Task to carry out:
Return all the entries. Match them word for word.

Given information:
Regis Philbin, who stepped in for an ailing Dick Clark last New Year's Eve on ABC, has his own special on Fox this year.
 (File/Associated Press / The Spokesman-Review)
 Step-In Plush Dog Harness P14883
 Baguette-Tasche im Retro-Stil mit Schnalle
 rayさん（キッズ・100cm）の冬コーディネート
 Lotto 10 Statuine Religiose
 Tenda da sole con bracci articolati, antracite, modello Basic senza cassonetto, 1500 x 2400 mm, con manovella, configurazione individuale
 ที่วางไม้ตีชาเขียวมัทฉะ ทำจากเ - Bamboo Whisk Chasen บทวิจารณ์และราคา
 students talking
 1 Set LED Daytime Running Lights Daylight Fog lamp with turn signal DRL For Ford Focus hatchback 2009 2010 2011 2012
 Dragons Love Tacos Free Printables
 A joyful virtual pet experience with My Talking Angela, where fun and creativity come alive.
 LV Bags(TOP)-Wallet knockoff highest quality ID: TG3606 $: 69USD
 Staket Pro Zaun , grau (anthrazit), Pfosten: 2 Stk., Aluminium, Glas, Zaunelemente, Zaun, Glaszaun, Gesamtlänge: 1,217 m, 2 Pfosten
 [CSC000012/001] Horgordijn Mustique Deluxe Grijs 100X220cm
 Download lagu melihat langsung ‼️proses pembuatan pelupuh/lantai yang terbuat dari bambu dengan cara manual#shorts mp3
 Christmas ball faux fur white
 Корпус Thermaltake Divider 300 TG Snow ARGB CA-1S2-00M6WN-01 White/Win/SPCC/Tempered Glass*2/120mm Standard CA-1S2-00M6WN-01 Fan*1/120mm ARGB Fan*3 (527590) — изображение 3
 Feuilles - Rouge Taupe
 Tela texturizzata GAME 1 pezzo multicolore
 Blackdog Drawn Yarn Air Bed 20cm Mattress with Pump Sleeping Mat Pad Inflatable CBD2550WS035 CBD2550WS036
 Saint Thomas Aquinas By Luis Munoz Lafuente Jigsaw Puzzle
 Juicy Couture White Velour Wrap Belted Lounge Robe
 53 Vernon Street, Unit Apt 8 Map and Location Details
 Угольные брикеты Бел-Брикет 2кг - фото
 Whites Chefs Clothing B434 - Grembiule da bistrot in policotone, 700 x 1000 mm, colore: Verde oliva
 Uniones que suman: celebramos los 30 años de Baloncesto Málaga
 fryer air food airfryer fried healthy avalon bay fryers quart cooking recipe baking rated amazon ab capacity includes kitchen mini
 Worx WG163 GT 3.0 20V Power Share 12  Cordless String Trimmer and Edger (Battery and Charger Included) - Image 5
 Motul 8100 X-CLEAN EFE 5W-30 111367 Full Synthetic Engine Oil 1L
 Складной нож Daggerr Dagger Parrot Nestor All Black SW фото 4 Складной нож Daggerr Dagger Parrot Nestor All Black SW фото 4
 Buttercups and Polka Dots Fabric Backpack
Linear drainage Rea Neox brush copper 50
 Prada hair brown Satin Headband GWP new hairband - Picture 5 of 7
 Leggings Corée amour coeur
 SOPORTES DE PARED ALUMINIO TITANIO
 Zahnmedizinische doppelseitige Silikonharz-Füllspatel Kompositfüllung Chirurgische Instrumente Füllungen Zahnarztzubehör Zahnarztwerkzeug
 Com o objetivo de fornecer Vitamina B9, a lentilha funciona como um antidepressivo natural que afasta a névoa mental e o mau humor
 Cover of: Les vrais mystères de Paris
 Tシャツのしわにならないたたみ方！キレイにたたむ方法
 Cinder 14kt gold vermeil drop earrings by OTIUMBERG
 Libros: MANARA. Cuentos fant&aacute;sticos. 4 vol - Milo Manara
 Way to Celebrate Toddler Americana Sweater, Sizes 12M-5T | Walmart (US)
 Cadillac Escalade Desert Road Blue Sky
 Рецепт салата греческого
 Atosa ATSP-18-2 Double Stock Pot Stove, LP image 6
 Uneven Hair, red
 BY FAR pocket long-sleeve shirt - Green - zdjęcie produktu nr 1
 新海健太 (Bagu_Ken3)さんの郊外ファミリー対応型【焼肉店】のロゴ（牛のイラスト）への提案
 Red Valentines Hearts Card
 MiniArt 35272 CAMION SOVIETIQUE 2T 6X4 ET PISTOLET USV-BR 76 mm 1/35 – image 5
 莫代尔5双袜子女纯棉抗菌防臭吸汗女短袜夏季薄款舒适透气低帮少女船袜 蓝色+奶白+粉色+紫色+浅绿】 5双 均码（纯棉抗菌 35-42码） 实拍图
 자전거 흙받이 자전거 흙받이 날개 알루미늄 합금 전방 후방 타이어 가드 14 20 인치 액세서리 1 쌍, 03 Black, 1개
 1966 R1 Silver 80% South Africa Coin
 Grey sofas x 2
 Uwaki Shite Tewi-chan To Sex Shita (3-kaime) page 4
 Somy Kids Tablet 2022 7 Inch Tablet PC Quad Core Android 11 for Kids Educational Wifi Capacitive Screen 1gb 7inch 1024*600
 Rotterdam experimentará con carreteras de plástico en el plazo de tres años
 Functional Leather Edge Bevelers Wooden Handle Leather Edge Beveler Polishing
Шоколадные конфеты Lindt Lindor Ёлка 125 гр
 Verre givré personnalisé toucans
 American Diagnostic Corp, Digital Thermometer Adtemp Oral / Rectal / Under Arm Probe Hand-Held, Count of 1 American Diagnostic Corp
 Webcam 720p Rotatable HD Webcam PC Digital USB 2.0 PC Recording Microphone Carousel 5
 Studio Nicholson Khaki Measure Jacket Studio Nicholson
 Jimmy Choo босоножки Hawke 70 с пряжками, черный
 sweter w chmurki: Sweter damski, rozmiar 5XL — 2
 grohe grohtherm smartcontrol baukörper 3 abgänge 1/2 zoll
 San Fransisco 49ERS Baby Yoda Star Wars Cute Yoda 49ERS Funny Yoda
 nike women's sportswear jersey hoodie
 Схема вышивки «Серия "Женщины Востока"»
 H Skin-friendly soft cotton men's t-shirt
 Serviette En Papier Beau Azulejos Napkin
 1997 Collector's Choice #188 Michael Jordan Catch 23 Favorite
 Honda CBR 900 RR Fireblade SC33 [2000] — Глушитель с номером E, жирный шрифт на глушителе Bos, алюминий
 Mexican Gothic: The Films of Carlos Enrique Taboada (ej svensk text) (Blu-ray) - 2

Output of the task:
Regis Philbin, who stepped in for an ailing Dick Clark last New Year's Eve on ABC, has his own special on Fox this year.
 (File/Associated Press / The Spokesman-Review)
 Step-In Plush Dog Harness P14883
 Baguette-Tasche im Retro-Stil mit Schnalle
 rayさん（キッズ・100cm）の冬コーディネート
 Lotto 10 Statuine Religiose
 Tenda da sole con bracci articolati, antracite, modello Basic senza cassonetto, 1500 x 2400 mm, con manovella, configurazione individuale
 ที่วางไม้ตีชาเขียวมัทฉะ ทำจากเ - Bamboo Whisk Chasen บทวิจารณ์และราคา
 students talking
 1 Set LED Daytime Running Lights Daylight Fog lamp with turn signal DRL For Ford Focus hatchback 2009 2010 2011 2012
 Dragons Love Tacos Free Printables
 A joyful virtual pet experience with My Talking Angela, where fun and creativity come alive.
 LV Bags(TOP)-Wallet knockoff highest quality ID: TG3606 $: 69USD
 Staket Pro Zaun , grau (anthrazit), Pfosten: 2 Stk., Aluminium, Glas, Zaunelemente, Zaun, Glaszaun, Gesamtlänge: 1,217 m, 2 Pfosten
 [CSC000012/001] Horgordijn Mustique Deluxe Grijs 100X220cm
 Download lagu melihat langsung ‼️proses pembuatan pelupuh/lantai yang terbuat dari bambu dengan cara manual#shorts mp3
 Christmas ball faux fur white
 Корпус Thermaltake Divider 300 TG Snow ARGB CA-1S2-00M6WN-01 White/Win/SPCC/Tempered Glass*2/120mm Standard CA-1S2-00M6WN-01 Fan*1/120mm ARGB Fan*3 (527590) — изображение 3
 Feuilles - Rouge Taupe
 Tela texturizzata GAME 1 pezzo multicolore
 Blackdog Drawn Yarn Air Bed 20cm Mattress with Pump Sleeping Mat Pad Inflatable CBD2550WS035 CBD2550WS036
 Saint Thomas Aquinas By Luis Munoz Lafuente Jigsaw Puzzle
 Juicy Couture White Velour Wrap Belted Lounge Robe
 53 Vernon Street, Unit Apt 8 Map and Location Details
 Угольные брикеты Бел-Брикет 2кг - фото
 Whites Chefs Clothing B434 - Grembiule da bistrot in policotone, 700 x 1000 mm, colore: Verde oliva
 Uniones que suman: celebramos los 30 años de Baloncesto Málaga
 fryer air food airfryer fried healthy avalon bay fryers quart cooking recipe baking rated amazon ab capacity includes kitchen mini
 Worx WG163 GT 3.0 20V Power Share 12  Cordless String Trimmer and Edger (Battery and Charger Included) - Image 5
 Motul 8100 X-CLEAN EFE 5W-30 111367 Full Synthetic Engine Oil 1L
 Складной нож Daggerr Dagger Parrot Nestor All Black SW фото 4 Складной нож Daggerr Dagger Parrot Nestor All Black SW фото 4
 Buttercups and Polka Dots Fabric Backpack
Linear drainage Rea Neox brush copper 50
 Prada hair brown Satin Headband GWP new hairband - Picture 5 of 7
 Leggings Corée amour coeur
 SOPORTES DE PARED ALUMINIO TITANIO
 Zahnmedizinische doppelseitige Silikonharz-Füllspatel Kompositfüllung Chirurgische Instrumente Füllungen Zahnarztzubehör Zahnarztwerkzeug
 Com o objetivo de fornecer Vitamina B9, a lentilha funciona como um antidepressivo natural que afasta a névoa mental e o mau humor
 Cover of: Les vrais mystères de Paris
 Tシャツのしわにならないたたみ方！キレイにたたむ方法
 Cinder 14kt gold vermeil drop earrings by OTIUMBERG
 Libros: MANARA. Cuentos fant&aacute;sticos. 4 vol - Milo Manara
 Way to Celebrate Toddler Americana Sweater, Sizes 12M-5T | Walmart (US)
 Cadillac Escalade Desert Road Blue Sky
 Рецепт салата греческого
 Atosa ATSP-18-2 Double Stock Pot Stove, LP image 6
 Uneven Hair, red
 BY FAR pocket long-sleeve shirt - Green - zdjęcie produktu nr 1
 新海健太 (Bagu_Ken3)さんの郊外ファミリー対応型【焼肉店】のロゴ（牛のイラスト）への提案
 Red Valentines Hearts Card
 MiniArt 35272 CAMION SOVIETIQUE 2T 6X4 ET PISTOLET USV-BR 76 mm 1/35 – image 5
 莫代尔5双袜子女纯棉抗菌防臭吸汗女短袜夏季薄款舒适透气低帮少女船袜 蓝色+奶白+粉色+紫色+浅绿】 5双 均码（纯棉抗菌 35-42码） 实拍图
 자전거 흙받이 자전거 흙받이 날개 알루미늄 합금 전방 후방 타이어 가드 14 20 인치 액세서리 1 쌍, 03 Black, 1개
 1966 R1 Silver 80% South Africa Coin
 Grey sofas x 2
 Uwaki Shite Tewi-chan To Sex Shita (3-kaime) page 4
 Somy Kids Tablet 2022 7 Inch Tablet PC Quad Core Android 11 for Kids Educational Wifi Capacitive Screen 1gb 7inch 1024*600
 Rotterdam experimentará con carreteras de plástico en el plazo de tres años
 Functional Leather Edge Bevelers Wooden Handle Leather Edge Beveler Polishing
Шоколадные конфеты Lindt Lindor Ёлка 125 гр
 Verre givré personnalisé toucans
 American Diagnostic Corp, Digital Thermometer Adtemp Oral / Rectal / Under Arm Probe Hand-Held, Count of 1 American Diagnostic Corp
 Webcam 720p Rotatable HD Webcam PC Digital USB 2.0 PC Recording Microphone Carousel 5
 Studio Nicholson Khaki Measure Jacket Studio Nicholson
 Jimmy Choo босоножки Hawke 70 с пряжками, черный
 sweter w chmurki: Sweter damski, rozmiar 5XL — 2
 grohe grohtherm smartcontrol baukörper 3 abgänge 1/2 zoll
 San Fransisco 49ERS Baby Yoda Star Wars Cute Yoda 49ERS Funny Yoda
 nike women's sportswear jersey hoodie
 Схема вышивки «Серия "Женщины Востока"»
 H Skin-friendly soft cotton men's t-shirt
 Serviette En Papier Beau Azulejos Napkin
 1997 Collector's Choice #188 Michael Jordan Catch 23 Favorite
 Honda CBR 900 RR Fireblade SC33 [2000] — Глушитель с номером E, жирный шрифт на глушителе Bos, алюминий
 Mexican Gothic: The Films of Carlos Enrique Taboada (ej svensk text) (Blu-ray) - 2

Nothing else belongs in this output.